Objective: Interleukin-1 beta (IL-1 beta) is a proinflammatory cytokine with a wide range of biological activities. We determined the distribution of IL-1 beta following percutaneous transluminal coronary angioplasty (PTCA) of porcine arteries, and the presence of caspase-1 (required for the activation of IL-1 beta).
Methods: Oversized balloon angioplasty was performed in Yorkshire White pigs and the vessels excised at selected intervals (1, 6, 18 h, 3, 7, and 14 days) post-PTCA. IL-1 beta and caspase-1 were then identified using reverse transcription polymerase chain reaction (RT-PCR), in situ RT-PCR, and immunohistochemistry.

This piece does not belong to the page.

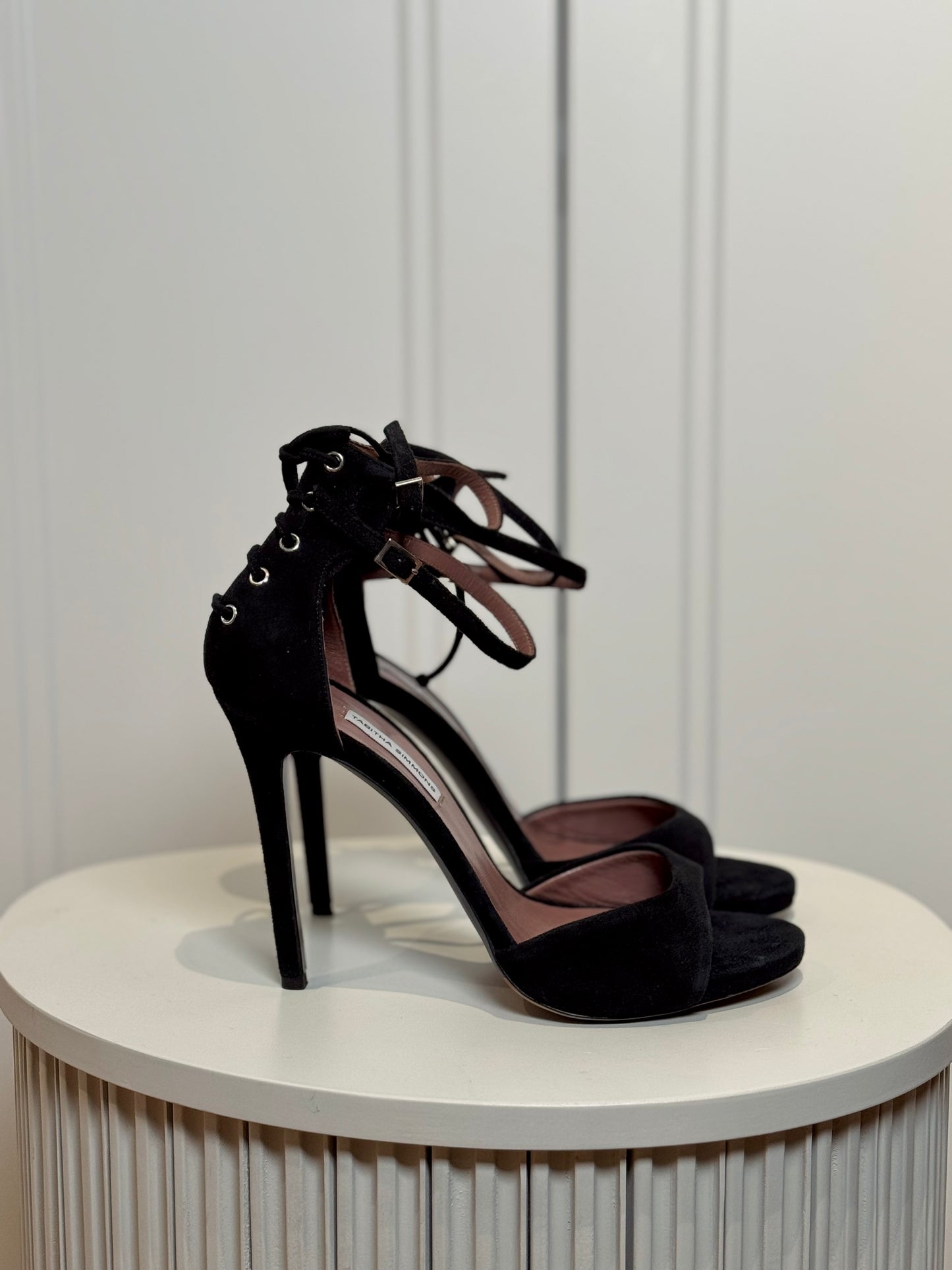 Black suede sandals - second life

Results: IL-1 beta protein was detected in the inflammatory infiltrate up to 3 days after PTCA. Luminal endothelial cells contained IL-1 beta at 1 h, with peak expression at 3-7 days. Adventitial capillaries were IL-1 beta-positive at all timepoints. IL-1 beta was detected in adventitial cells at 3 days, with reduced levels at 7 and 14 days. At 7 days, neointimal cells were also IL-1 beta positive. No IL-1 beta was detected in non-PTCA control arteries. RT-PCR demonstrated IL-1 beta mRNA expression to be induced at 1 h, and absent at 3 days. In situ RT-PCR revealed this expression to be distributed throughout the arterial layers at 6 h, but localized to the adventitia at 18 h, with a baseline expression in the adventitial layer of non-PTCA controls. Caspase-1 was detected in luminal endothelial cells from 6 h, in adventitial cells from 3 days, and in neointimal cells from 7 days post-PTCA. This expression colocalized with IL-1 beta, indicating the potential for the IL-1 beta present to become activated.
Conclusions: We conclude that IL-1 beta is synthesised, in conjunction with caspase-1, by endothelial, inflammatory, and adventitial cells early (within 3 days) after PTCA, with decreased levels at later timepoints, suggesting that it has a key role to play in the early stages of healing following PTCA.